October continues to be a busy month for international environmental agreements. After the threshold for entry into force of the Paris Agreement was reached on October 5, 2016 (which will now enter into force on November 4, 2016), nearly 200 countries struck a landmark agreement on October 15, 2016 to reduce the emissions of hydrofluorocarbons (HFCs). In what is considered the most significant achievement on the climate change file since the Paris Agreement, it is anticipated that the Kigali Amendment to the Montreal Protocol on Substances that Deplete the Ozone Layer could prevent up to 0.5 degrees Celcius of global warming by the end of the century. The agreement reached in Kigali is significant because HFCs, which are widely used in refrigeration and air conditioning as substitutes for ozone-depleting substances, represent an extremely potent class of greenhouse gases, emissions from which are growing by up to 10% each year. There are several different types of HFCs, the most persistent of which can be several thousand times better at absorbing heat than carbon dioxide. According the United Nations Environment Programme, the current mix of HFCs being used has an impact that is 1,600 times stronger than carbon dioxide per tonne emitted.

Phase-out of HFCs

In recent years, the growing use of HFCs has been driven by increasing demand for cooling systems worldwide, particularly from a burgeoning middle class in developing countries with hot climates. Recognizing the higher cost of less carbon intensive alternatives to HFCs, the Kigali amendment provides exemptions for countries with high ambient temperatures to phase down HFCs at a slower pace. This means that some developing countries (including China and certain South American countries) will freeze their HFC use from 2024. Other developing nations (including India, Pakistan, Iran, Iraq and the Gulf states) will not freeze their use until 2028. Developed countries will be required to start limiting their use of HFCs by at least 10% from 2019. By the late 2040s, all countries are expected to consume no more than 15 to 20% of their respective baselines.

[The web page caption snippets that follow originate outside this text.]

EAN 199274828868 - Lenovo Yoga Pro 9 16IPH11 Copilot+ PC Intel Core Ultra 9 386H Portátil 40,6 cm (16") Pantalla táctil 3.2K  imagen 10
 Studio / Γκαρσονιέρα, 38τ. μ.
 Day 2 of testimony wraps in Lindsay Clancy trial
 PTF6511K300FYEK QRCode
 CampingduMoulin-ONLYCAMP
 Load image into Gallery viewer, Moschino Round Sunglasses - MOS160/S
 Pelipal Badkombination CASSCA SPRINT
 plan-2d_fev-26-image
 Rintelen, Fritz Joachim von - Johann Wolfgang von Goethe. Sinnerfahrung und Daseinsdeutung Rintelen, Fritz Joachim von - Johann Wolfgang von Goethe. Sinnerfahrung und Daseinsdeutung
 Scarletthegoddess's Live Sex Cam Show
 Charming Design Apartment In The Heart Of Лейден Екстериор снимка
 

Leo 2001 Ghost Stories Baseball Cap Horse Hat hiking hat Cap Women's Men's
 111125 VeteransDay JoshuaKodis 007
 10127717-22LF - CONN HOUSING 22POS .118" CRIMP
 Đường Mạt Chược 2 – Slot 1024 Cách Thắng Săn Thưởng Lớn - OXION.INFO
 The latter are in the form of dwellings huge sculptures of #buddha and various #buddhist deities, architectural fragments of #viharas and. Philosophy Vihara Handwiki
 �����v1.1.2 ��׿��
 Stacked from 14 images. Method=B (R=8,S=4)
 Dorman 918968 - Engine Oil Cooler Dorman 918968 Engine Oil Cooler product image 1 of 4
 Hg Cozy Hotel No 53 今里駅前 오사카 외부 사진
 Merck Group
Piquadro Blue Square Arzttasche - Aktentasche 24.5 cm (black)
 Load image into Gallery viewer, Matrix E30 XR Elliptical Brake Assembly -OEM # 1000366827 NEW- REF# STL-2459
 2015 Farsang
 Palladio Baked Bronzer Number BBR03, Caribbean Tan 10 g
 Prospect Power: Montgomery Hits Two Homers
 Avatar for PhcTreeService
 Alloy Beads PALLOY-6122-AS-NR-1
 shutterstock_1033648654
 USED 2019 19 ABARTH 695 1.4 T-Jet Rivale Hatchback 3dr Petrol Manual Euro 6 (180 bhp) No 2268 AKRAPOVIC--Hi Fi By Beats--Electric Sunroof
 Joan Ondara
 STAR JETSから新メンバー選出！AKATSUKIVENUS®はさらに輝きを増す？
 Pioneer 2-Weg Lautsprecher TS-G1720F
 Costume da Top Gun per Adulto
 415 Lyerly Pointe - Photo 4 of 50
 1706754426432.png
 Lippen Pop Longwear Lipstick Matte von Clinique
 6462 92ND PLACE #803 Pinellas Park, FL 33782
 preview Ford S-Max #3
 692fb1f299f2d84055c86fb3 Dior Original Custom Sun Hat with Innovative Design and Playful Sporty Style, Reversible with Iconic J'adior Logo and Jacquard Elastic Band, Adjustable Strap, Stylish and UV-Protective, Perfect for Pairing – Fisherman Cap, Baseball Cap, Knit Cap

Countries also agreed to additional funding to phase-out HFCs, but the exact amount will be determined at the next meeting in Montreal in 2017. The cost of reducing HFCs is estimated to be in the billions of dollars globally. While less carbon intensive alternatives to HFCs are available (including natural refrigerants such as hydrocarbons, ammonia and carbon dioxide), these are generally more expensive than HFCs. As a result, grants for research and development of affordable alternatives to HFCs will be a priority. There is also the option to replace the current HFC mix with less potent HFCs that trap much less heat over their lifespan.

The Kigali Amendment came only days after an international deal was reached to curb emissions from the aviation sector.

Global Agreement on International Aviation Emissions

When the Paris Agreement was adopted in December 2015, it did not include any reference to the international aviation sector. The United Nations aviation agency, the International Civil Aviation Organization, responded to international pressure by designing a global market-based measure to control carbon emissions from international aviation as part of the sector's contribution to global efforts to combat climate change. The ICAO's Carbon Offsetting and Reduction Scheme for International Aviation (CORSIA) was adopted by the ICAO on October 6, 2016 in Montreal during its 39th Assembly.

CORSIA will begin with a pilot phase from 2021 through 2023, followed by a first phase from 2024 through 2026. Participation in both of these early stages will be voluntary, while the subsequent phase from 2027 to 2035 would see all countries on board, except for certain small countries and countries with very low levels of aviation activity. The program will be reviewed every three years. CORSIA is designed to complement the other mitigation measures the air transport community is already pursuing to reduce carbon emissions from international aviation, including technical and operational improvements and advances in the production and use of sustainable alternative fuels for aviation.